• _Supplied records_

Segment Open

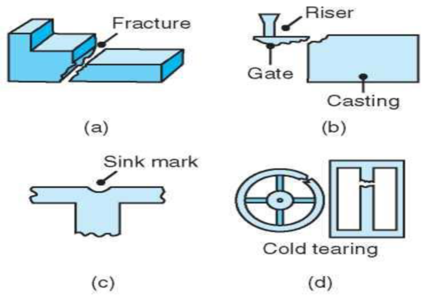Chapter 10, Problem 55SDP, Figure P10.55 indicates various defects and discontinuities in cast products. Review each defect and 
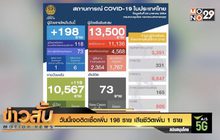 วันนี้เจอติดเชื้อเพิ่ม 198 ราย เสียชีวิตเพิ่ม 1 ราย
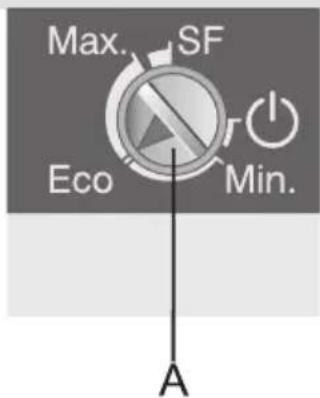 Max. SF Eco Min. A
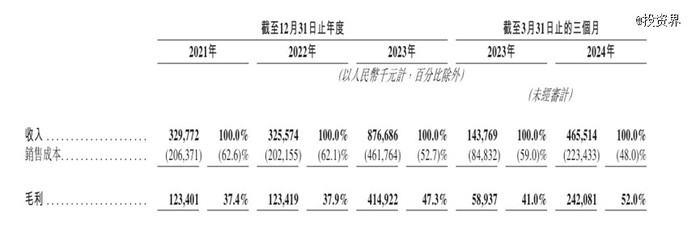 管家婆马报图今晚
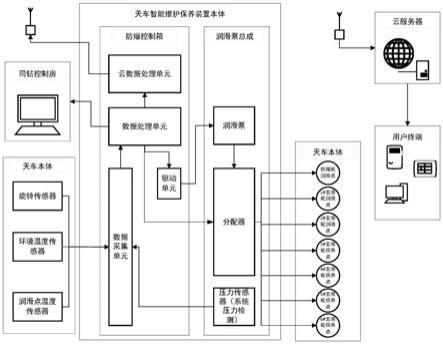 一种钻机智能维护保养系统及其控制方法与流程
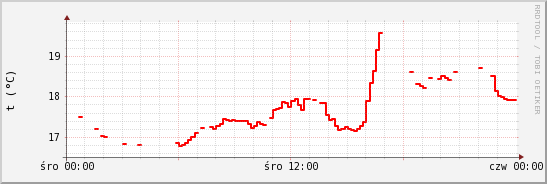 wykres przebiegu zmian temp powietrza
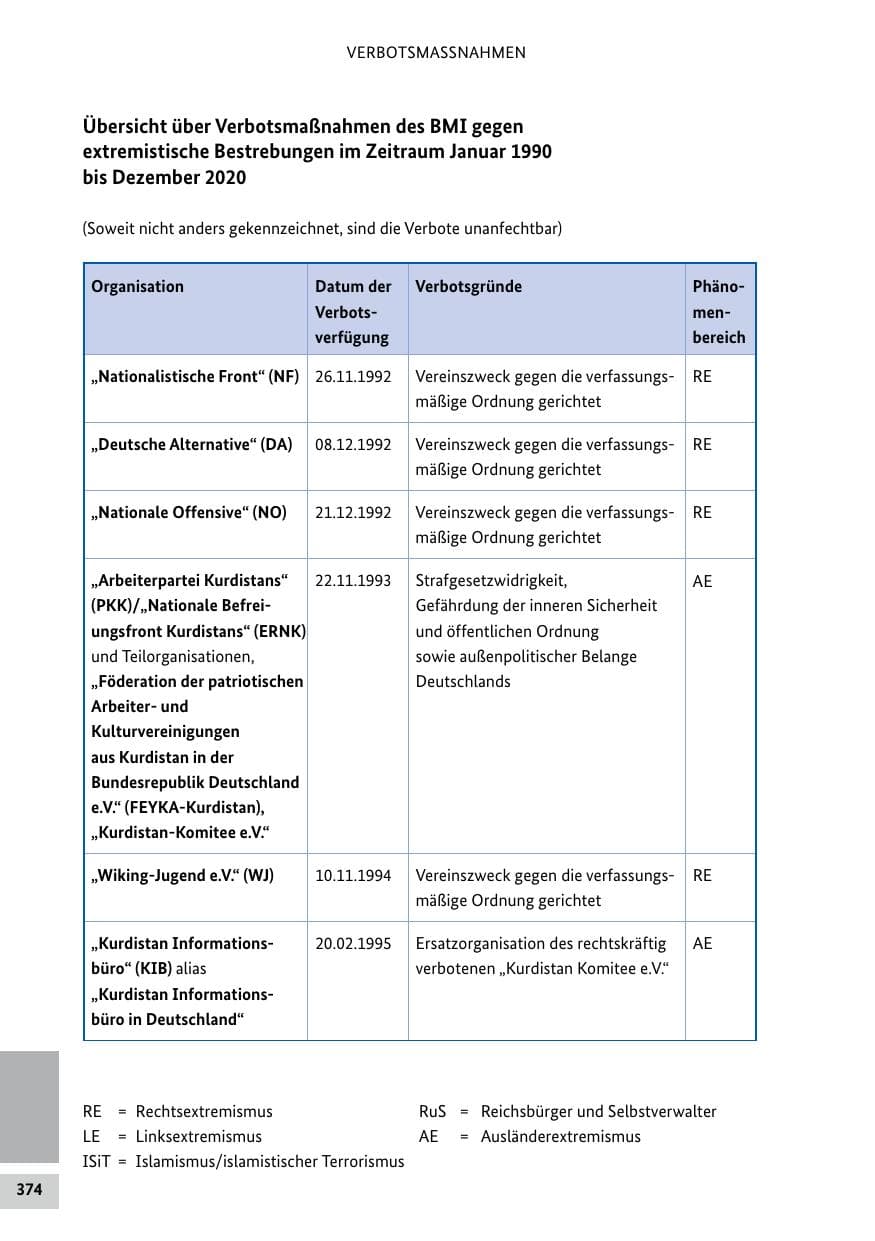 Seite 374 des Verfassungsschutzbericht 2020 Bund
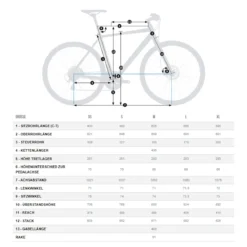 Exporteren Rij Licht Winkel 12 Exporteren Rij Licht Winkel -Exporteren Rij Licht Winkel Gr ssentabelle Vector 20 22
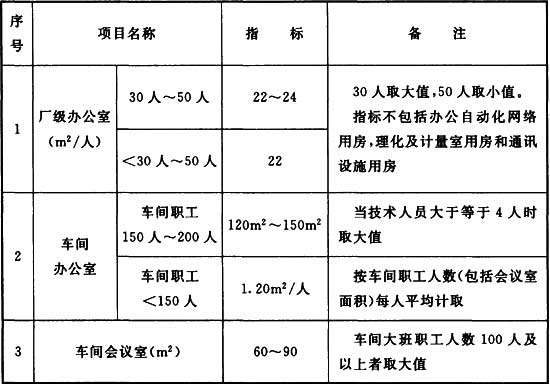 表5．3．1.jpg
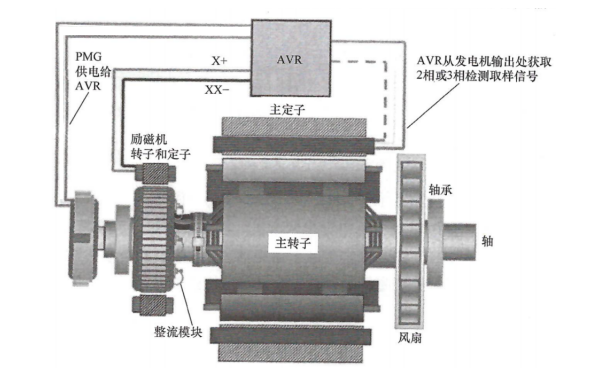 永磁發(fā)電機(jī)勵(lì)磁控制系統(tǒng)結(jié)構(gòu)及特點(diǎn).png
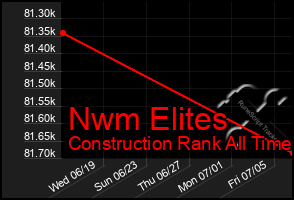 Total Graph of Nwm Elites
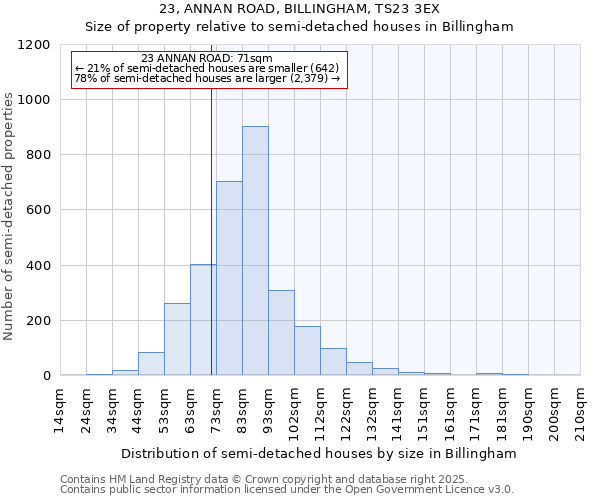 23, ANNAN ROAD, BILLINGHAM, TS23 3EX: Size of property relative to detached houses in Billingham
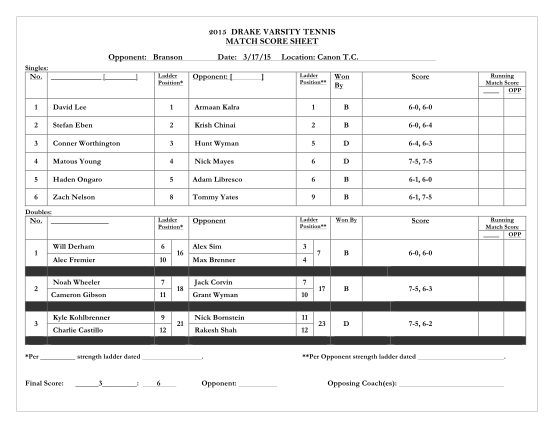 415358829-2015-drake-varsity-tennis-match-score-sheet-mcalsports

Segment Closed
Segment Open

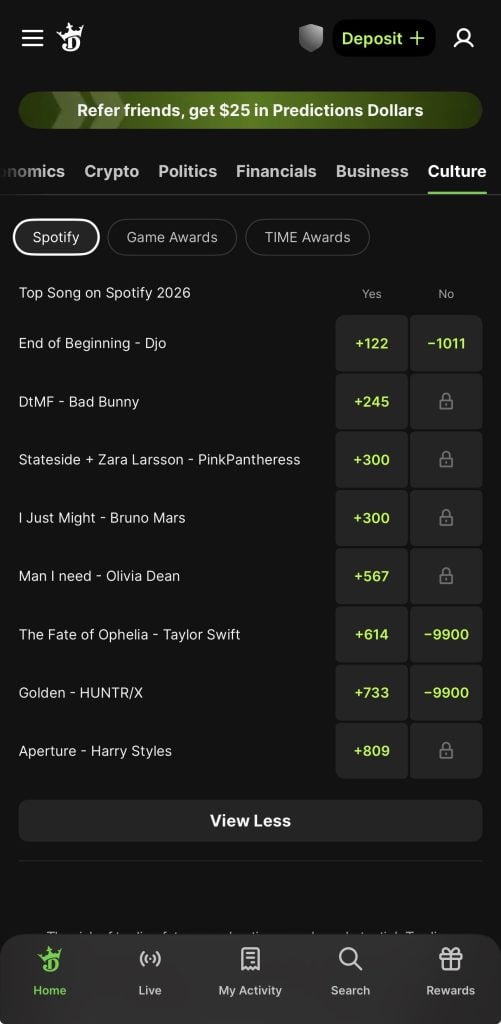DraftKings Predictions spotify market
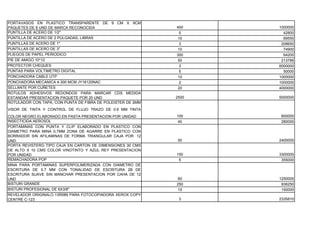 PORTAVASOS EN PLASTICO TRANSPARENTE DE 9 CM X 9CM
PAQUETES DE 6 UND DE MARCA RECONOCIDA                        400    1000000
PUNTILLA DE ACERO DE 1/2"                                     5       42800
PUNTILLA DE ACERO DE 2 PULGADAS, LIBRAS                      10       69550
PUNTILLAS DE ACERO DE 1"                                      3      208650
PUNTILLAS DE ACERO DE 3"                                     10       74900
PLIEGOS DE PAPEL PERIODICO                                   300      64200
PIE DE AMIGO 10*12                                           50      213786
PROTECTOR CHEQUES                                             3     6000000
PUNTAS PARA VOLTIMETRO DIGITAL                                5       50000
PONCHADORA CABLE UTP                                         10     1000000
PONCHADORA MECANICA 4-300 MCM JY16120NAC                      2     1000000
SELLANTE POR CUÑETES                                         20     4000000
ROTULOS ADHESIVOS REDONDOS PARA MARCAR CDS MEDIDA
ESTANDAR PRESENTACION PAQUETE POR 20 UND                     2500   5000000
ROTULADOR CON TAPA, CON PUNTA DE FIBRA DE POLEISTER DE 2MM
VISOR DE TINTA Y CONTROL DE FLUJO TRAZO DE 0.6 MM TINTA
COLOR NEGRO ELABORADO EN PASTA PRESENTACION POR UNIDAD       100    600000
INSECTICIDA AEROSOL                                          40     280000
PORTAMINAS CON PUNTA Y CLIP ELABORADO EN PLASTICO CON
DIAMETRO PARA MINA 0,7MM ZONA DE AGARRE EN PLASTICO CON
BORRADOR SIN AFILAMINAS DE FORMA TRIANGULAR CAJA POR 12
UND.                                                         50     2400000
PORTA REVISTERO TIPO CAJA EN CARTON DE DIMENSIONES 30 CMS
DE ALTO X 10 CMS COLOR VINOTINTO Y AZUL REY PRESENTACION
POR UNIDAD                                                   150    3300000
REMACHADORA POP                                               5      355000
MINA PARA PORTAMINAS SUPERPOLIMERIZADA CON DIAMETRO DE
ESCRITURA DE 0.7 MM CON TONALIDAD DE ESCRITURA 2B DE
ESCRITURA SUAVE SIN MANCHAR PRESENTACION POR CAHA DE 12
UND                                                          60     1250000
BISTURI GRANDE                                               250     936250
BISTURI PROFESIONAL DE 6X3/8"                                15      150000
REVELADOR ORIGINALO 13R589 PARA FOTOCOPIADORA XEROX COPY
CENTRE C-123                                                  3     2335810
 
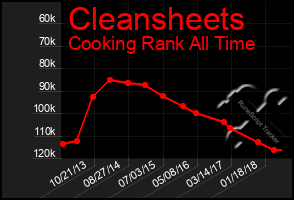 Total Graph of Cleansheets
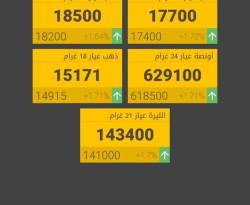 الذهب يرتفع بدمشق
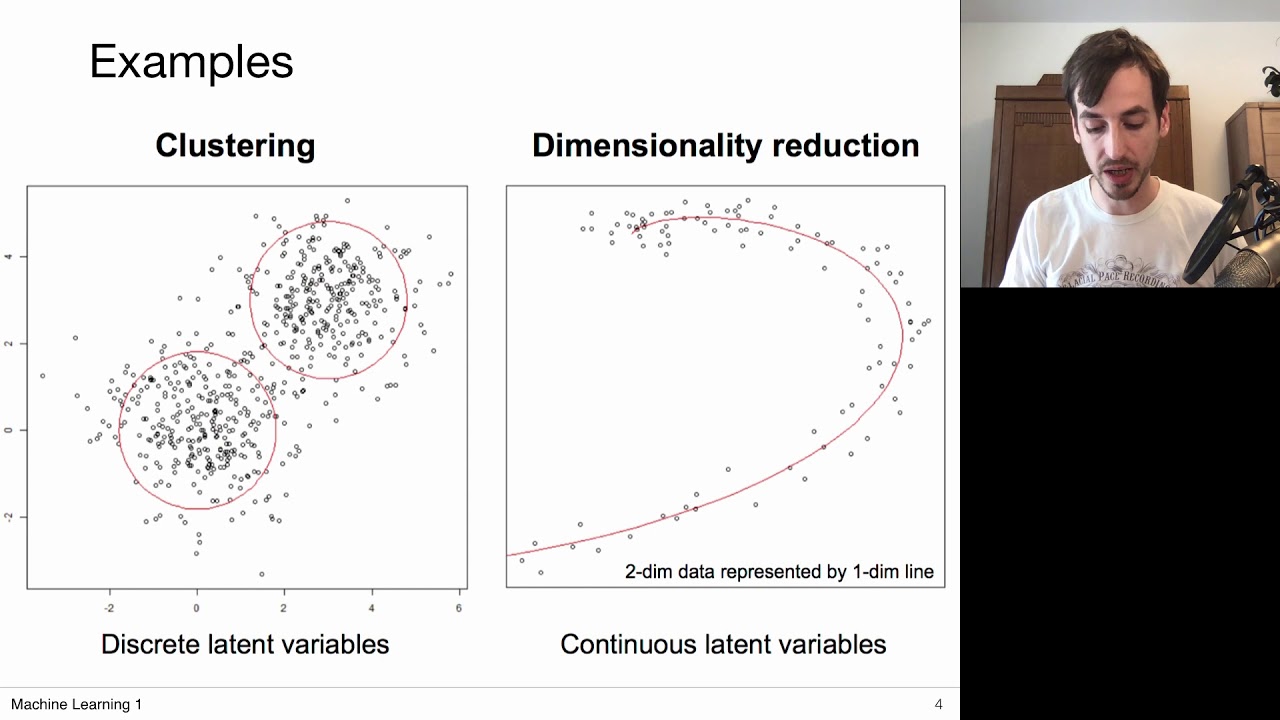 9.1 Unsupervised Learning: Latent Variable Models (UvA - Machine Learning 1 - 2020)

Segment Closed
Segment Open

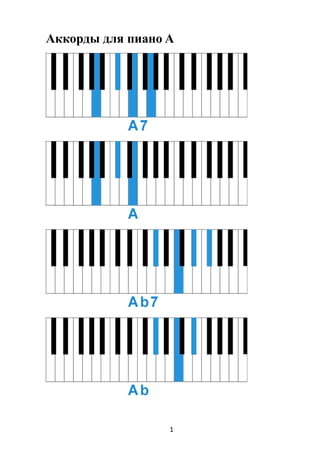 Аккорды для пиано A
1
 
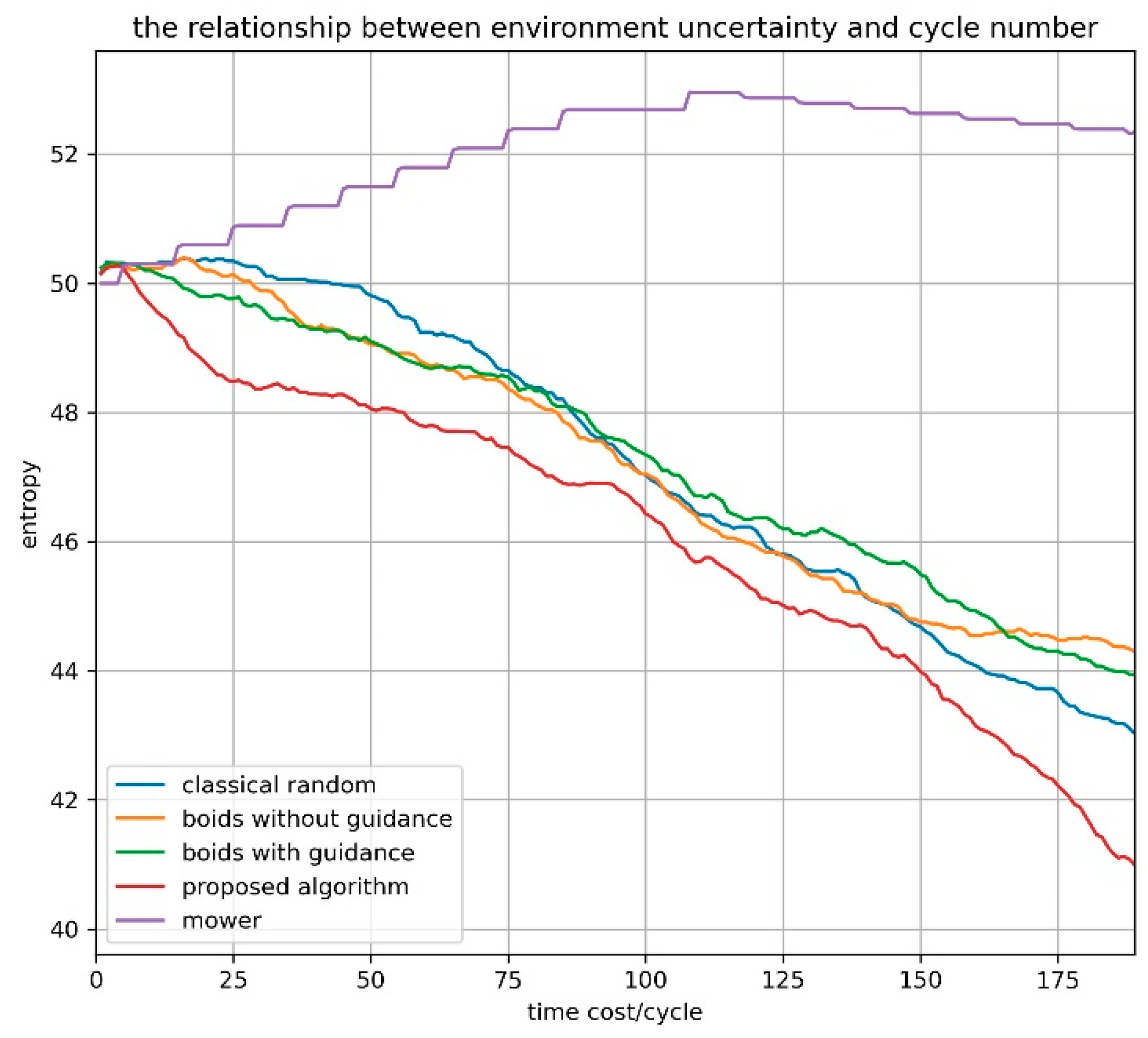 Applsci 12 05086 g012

Segment Closed

• _To do_
Return every line in the listing that contains the word "COLOR".

• _Result of this task_
COLOR NEGRO ELABORADO EN PASTA PRESENTACION POR UNIDAD       100    600000
DE ALTO X 10 CMS COLOR VINOTINTO Y AZUL REY PRESENTACION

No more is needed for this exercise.